### Problem requirements
Go to the line below that has "Studio, 1 grand", print it and each line after it exactly, and stop after the line that has "anlattı - 4. Resim"; leave out pictures.
***** Records provided
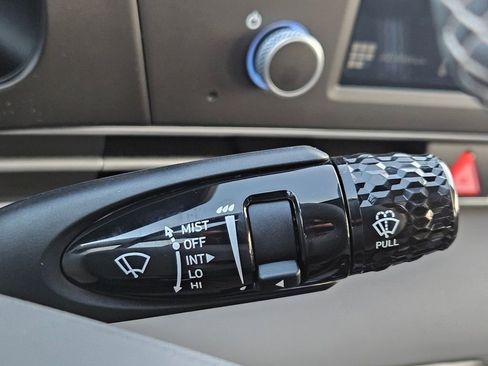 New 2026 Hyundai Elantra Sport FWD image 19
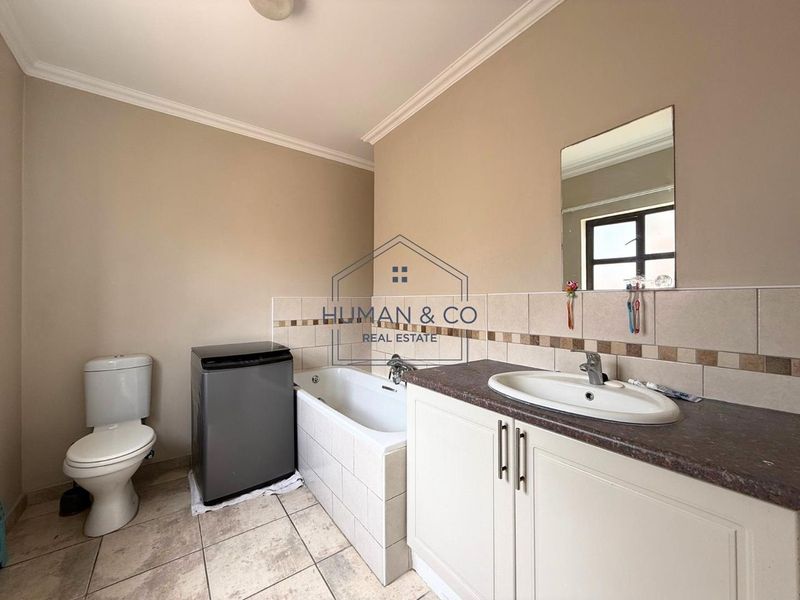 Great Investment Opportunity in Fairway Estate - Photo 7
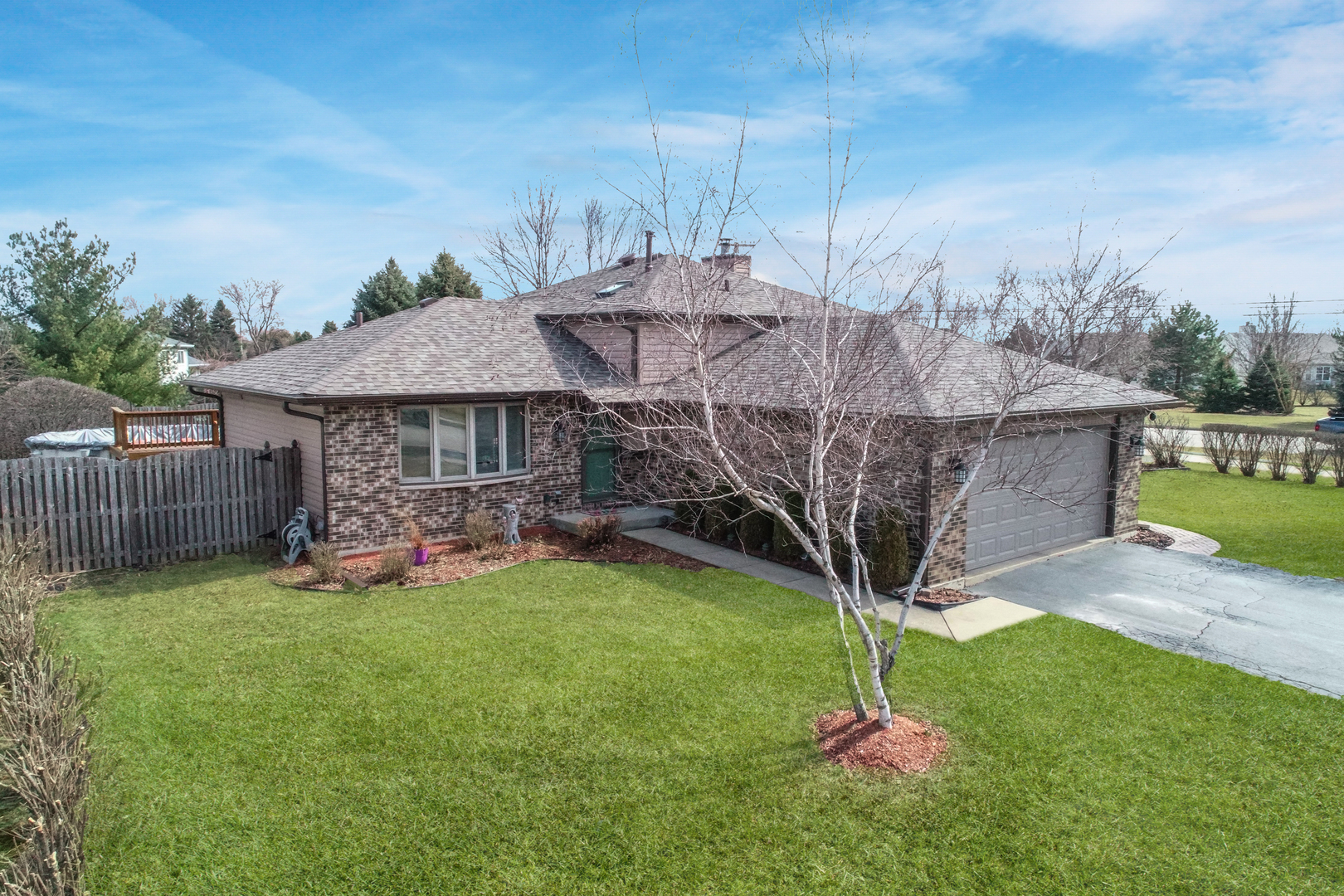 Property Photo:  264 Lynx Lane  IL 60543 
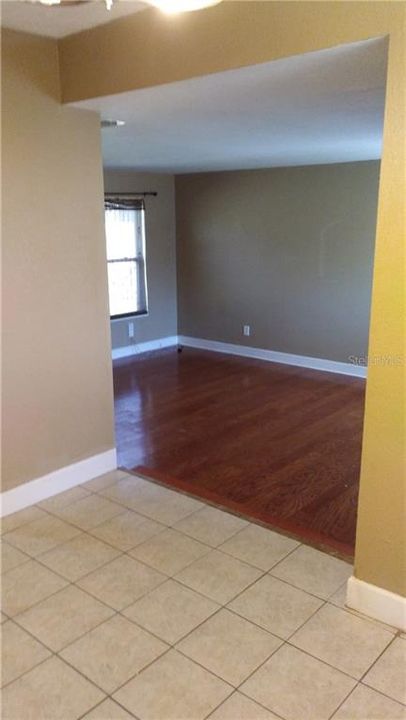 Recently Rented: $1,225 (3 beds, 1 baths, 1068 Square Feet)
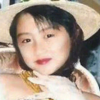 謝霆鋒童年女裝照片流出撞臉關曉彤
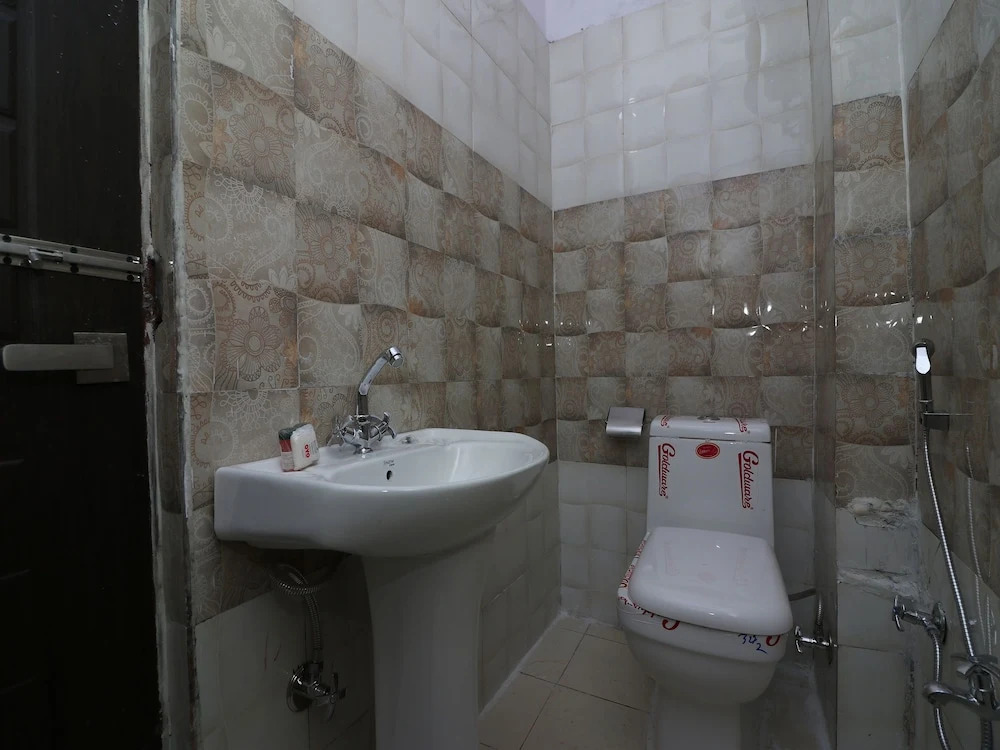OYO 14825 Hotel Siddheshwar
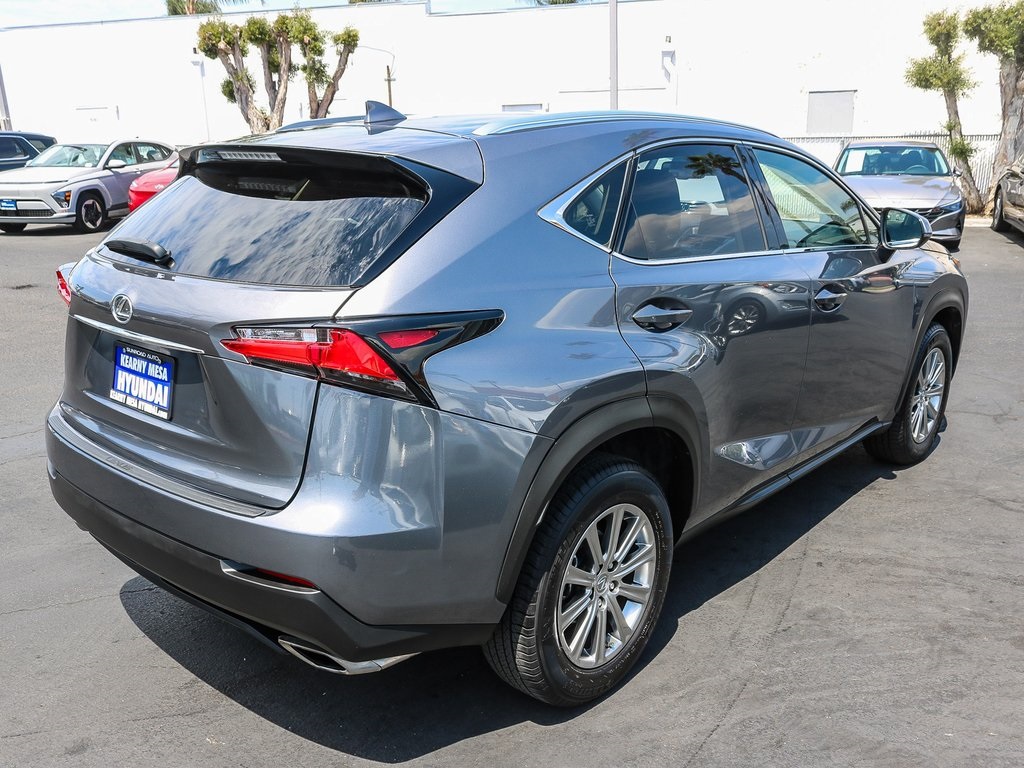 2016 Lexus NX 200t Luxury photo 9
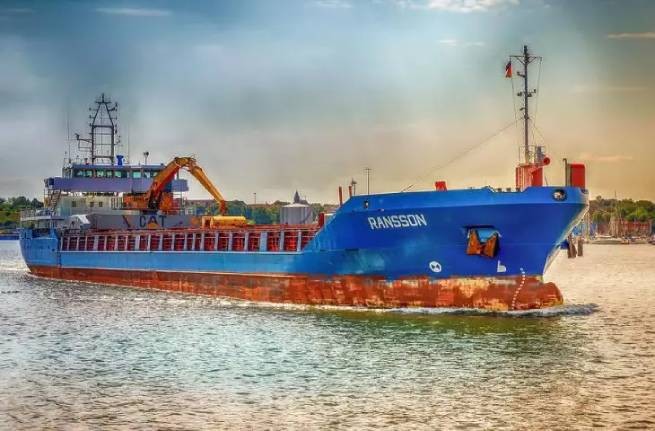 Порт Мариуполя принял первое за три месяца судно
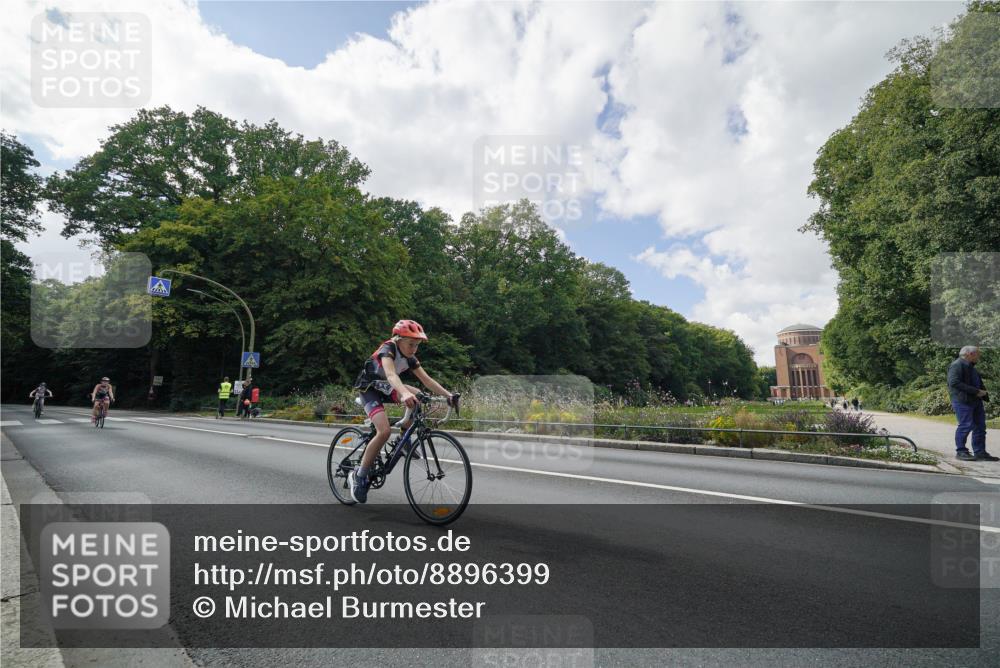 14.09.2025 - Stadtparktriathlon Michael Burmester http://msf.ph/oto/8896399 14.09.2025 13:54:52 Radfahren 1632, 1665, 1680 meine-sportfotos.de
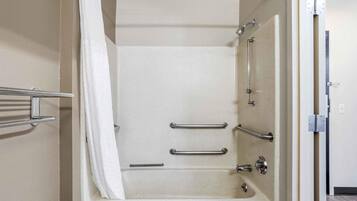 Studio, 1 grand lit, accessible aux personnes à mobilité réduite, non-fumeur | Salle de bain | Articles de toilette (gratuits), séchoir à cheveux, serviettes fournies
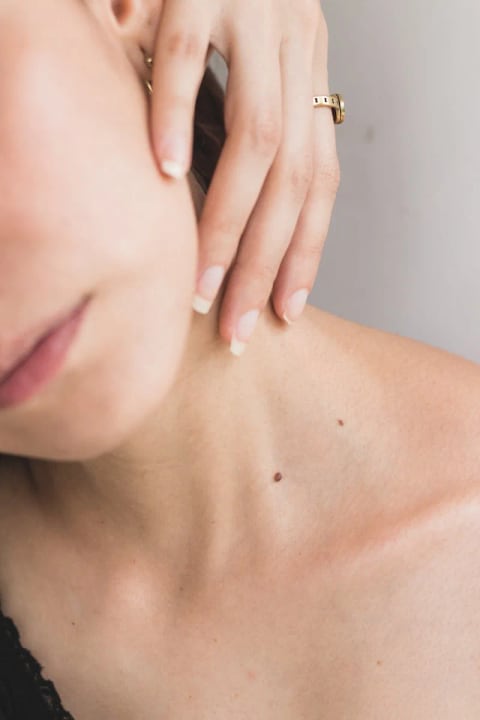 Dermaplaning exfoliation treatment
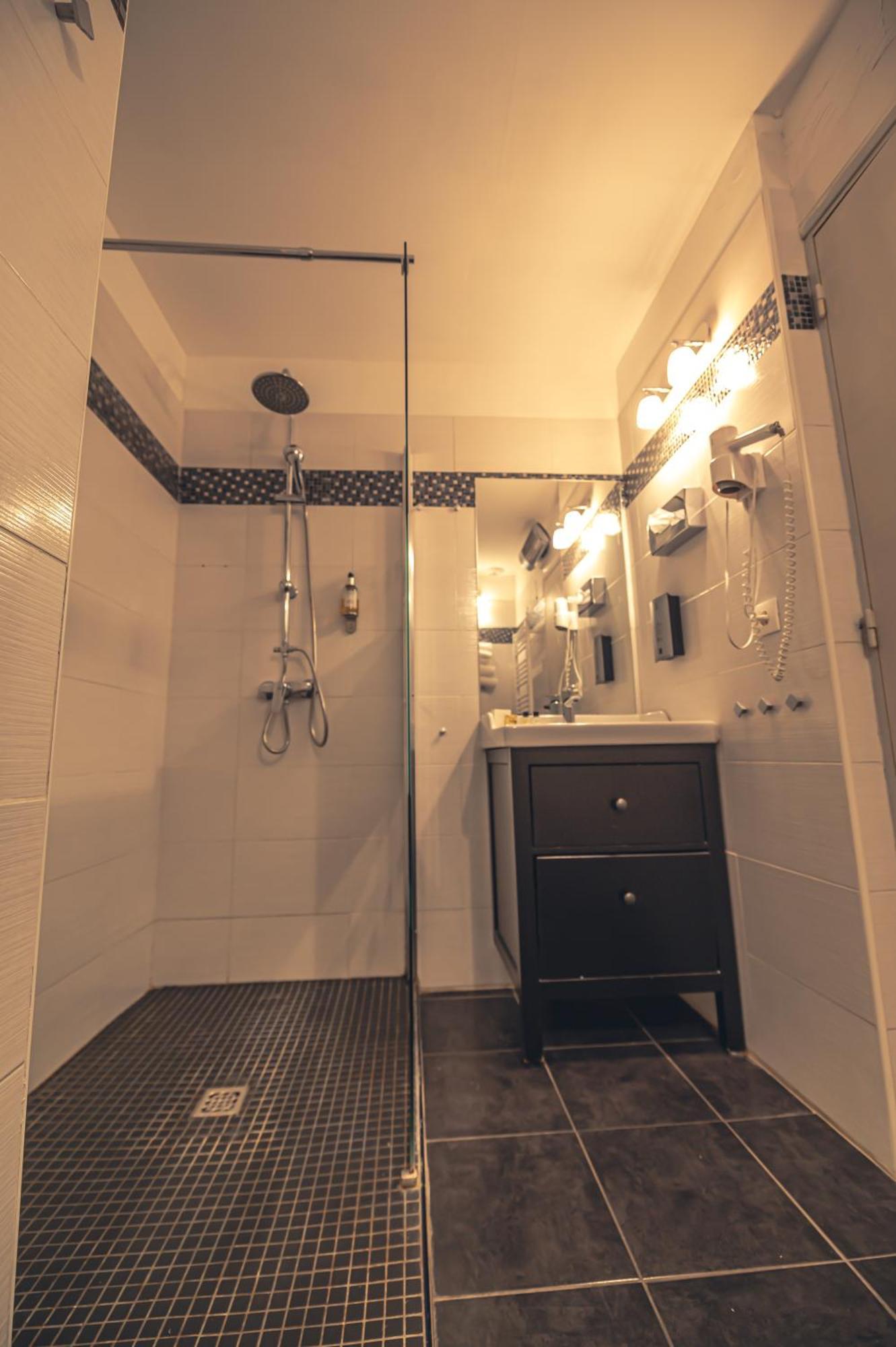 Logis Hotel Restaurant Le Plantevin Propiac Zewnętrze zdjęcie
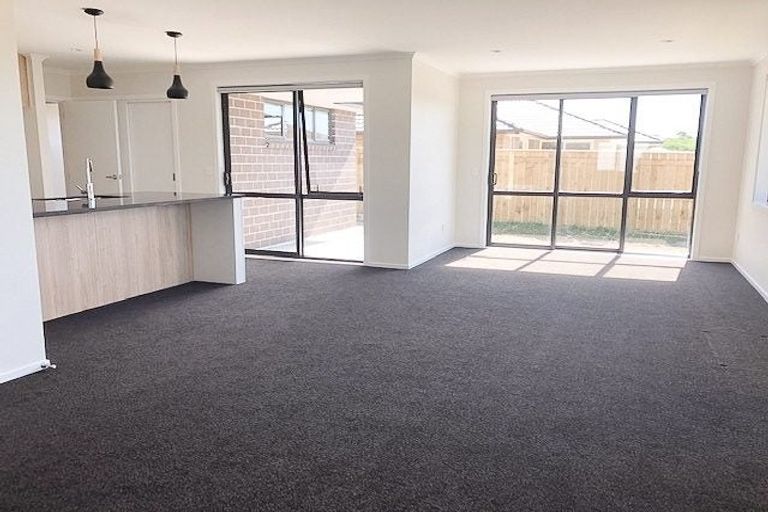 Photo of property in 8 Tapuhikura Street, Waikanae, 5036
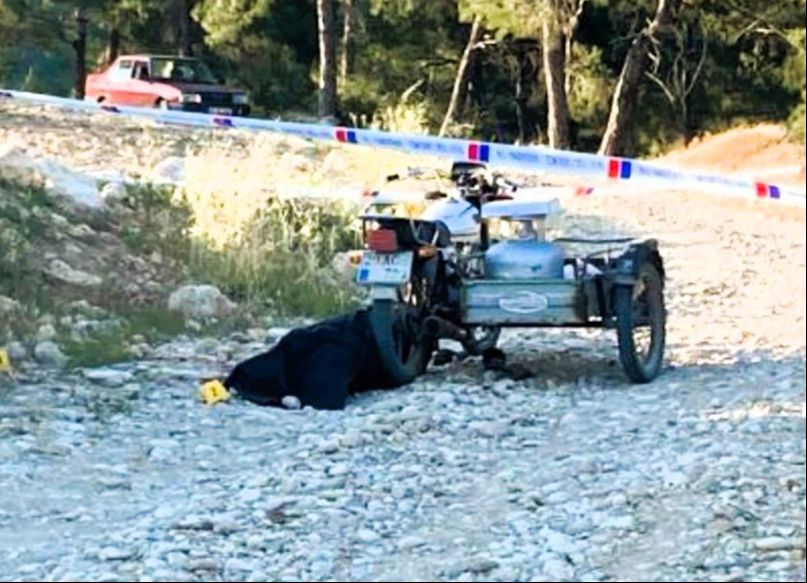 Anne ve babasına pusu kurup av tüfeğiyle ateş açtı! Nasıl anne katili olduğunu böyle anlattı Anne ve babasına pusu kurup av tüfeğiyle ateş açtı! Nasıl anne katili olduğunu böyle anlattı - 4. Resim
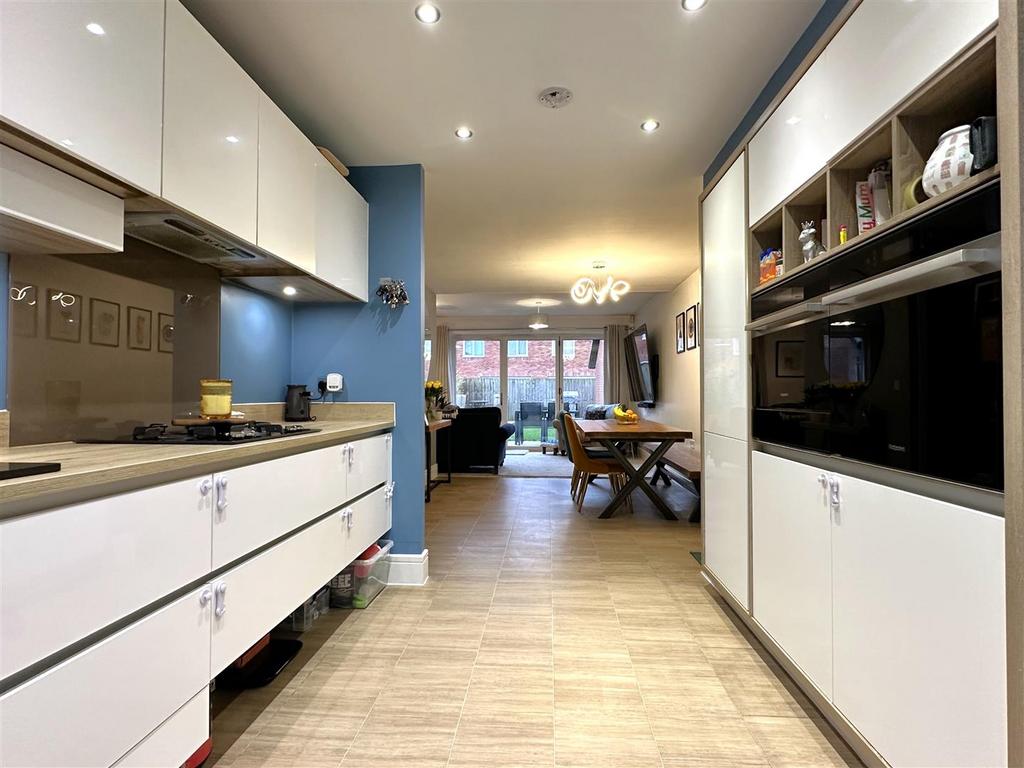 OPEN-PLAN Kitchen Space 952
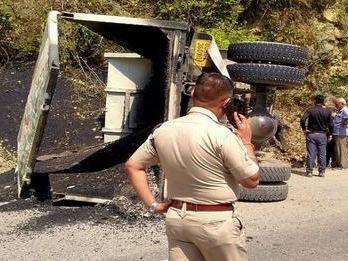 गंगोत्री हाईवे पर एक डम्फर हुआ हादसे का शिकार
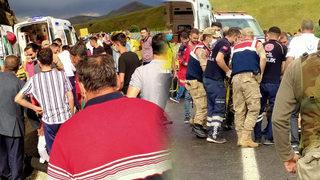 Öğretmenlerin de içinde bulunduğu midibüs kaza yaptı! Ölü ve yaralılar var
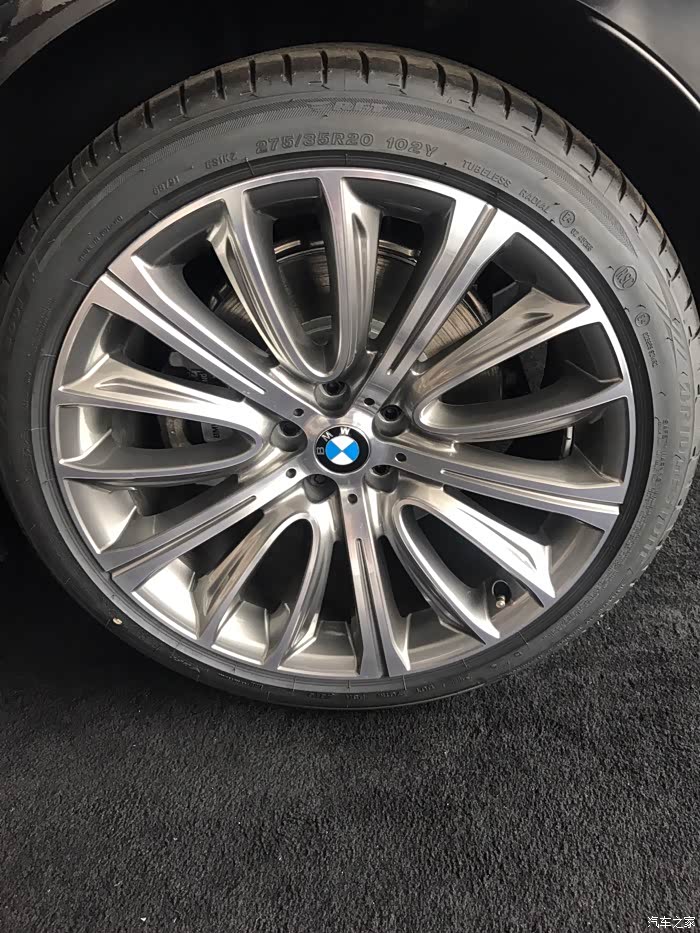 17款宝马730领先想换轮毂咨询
**********
### Response box
 Studio, 1 grand lit, accessible aux personnes à mobilité réduite, non-fumeur | Salle de bain | Articles de toilette (gratuits), séchoir à cheveux, serviettes fournies
 Dermaplaning exfoliation treatment
 Logis Hotel Restaurant Le Plantevin Propiac Zewnętrze zdjęcie
 Photo of property in 8 Tapuhikura Street, Waikanae, 5036
 Anne ve babasına pusu kurup av tüfeğiyle ateş açtı! Nasıl anne katili olduğunu böyle anlattı Anne ve babasına pusu kurup av tüfeğiyle ateş açtı! Nasıl anne katili olduğunu böyle anlattı - 4. Resim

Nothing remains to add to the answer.